Task to carry out: Set down each line of the records once more, precisely, and omit the pictures.

*** Opening Record extracts ***

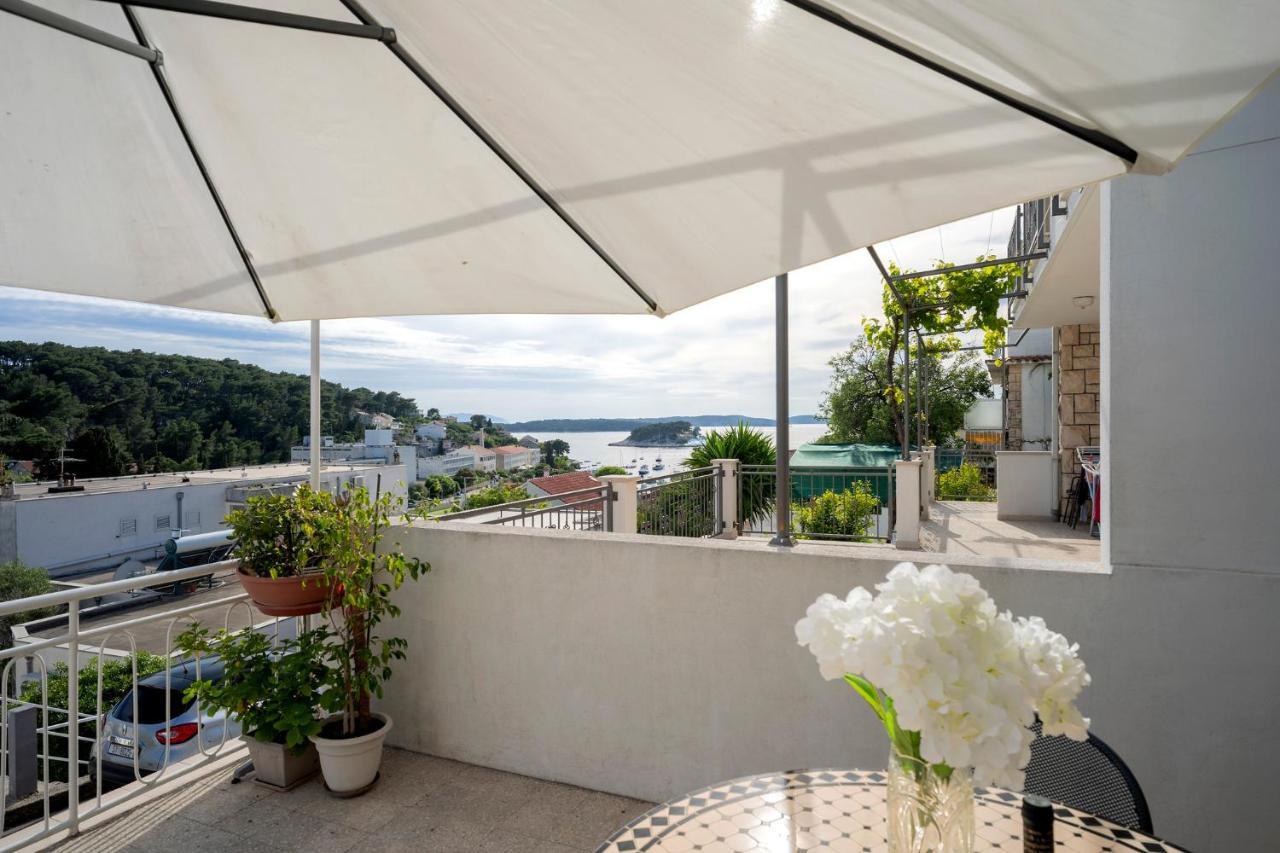 Mirjana Apartment Hvar Town Zewnętrze zdjęcie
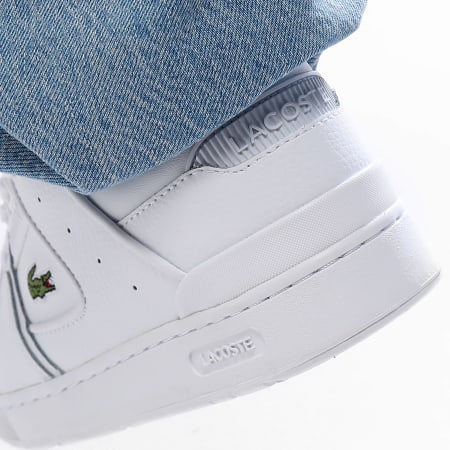 Lacoste - Court Cage 224 Blanco Zapatillas Mujer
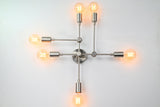 Berlin Axis - Barebulb Wall Sconce - 23" - 32546
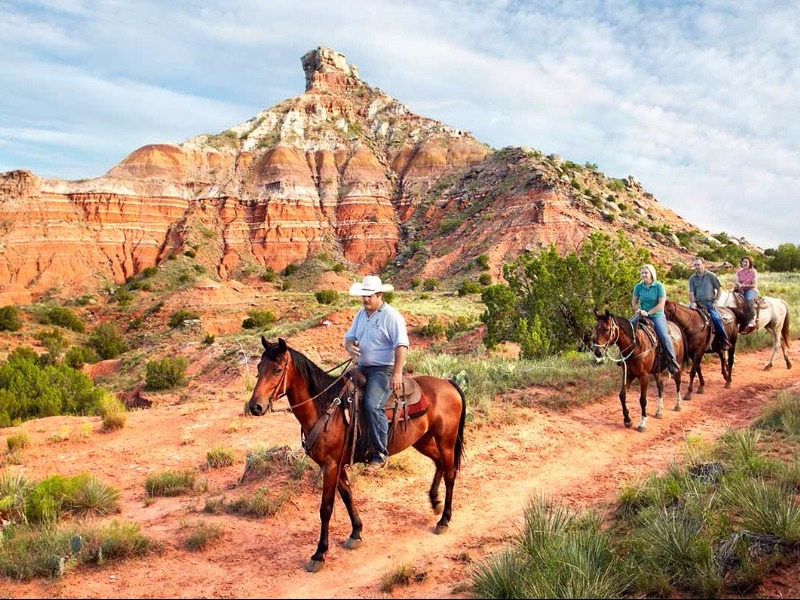 Palo Duro Canyon State Park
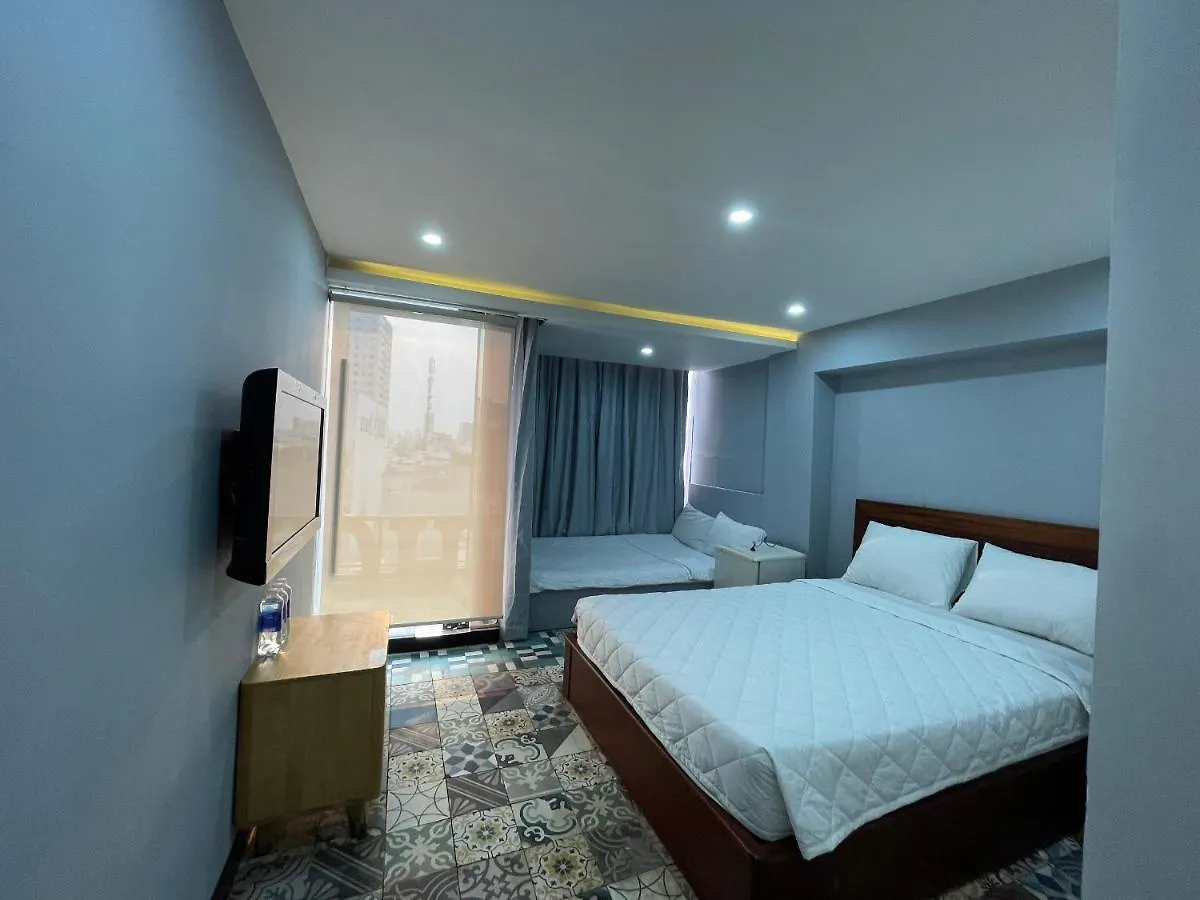 Vnd Hotel Ho Chi Minh City Vietnam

*** Closing Record extracts ***

Response:
 Mirjana Apartment Hvar Town Zewnętrze zdjęcie
 Lacoste - Court Cage 224 Blanco Zapatillas Mujer
 Berlin Axis - Barebulb Wall Sconce - 23" - 32546
 Palo Duro Canyon State Park
 Vnd Hotel Ho Chi Minh City Vietnam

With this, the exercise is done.